To publish the index, we need to change its engine to IPFS:

data_cid=$(ipfs add --pin -Q -r --hash=blake3 --nocopy data/bin/books)

The command will return the CID of the published index that you can use later for replicating or opening it through the browser. For example, you can find your index using kubo:

ipfs get <cid>

Create web-application

Firstly, you must set up an HTTP-server that may serve static content.

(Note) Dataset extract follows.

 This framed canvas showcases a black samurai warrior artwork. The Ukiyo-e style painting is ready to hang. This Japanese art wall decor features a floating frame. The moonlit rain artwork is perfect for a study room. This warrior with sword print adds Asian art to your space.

summa-wasm works in separate Web Worker to avoid blocking of the main thread and uses Service Worker for caching and mitigating some browser restrictions. Service Worker is an essential part of the bundle and must be shipped together with your code. summa-wasm provides a service worker register script that assumes you bundle service-worker.js file at the root of your static site.

<head>
    ...
    <script type="module" src="./node_modules/summa-wasm/dist/service-worker-register.js"></script>
    <script type="module">
        import * as Summa from "https://cdn.jsdelivr.net/npm/summa-wasm@0.98.2/dist/main.js";
    </script>
</head>

Now we are ready to instantiate summa-wasm

// URL of static HTTP-server (such as local nginx or CDN-hostings, or Storj, or IPFS, or whatever you want) 
// that supports `Range` queries and used to access index files
const directory_url = `http://localhost:8080/ipfs/${ipfs_hash}/`;

const worker_url = "https://cdn.jsdelivr.net/npm/summa-wasm@0.111.5/dist/root-worker.js";
const wasm_url = "https://cdn.jsdelivr.net/npm/summa-wasm@0.111.5/dist/index_bg.wasm"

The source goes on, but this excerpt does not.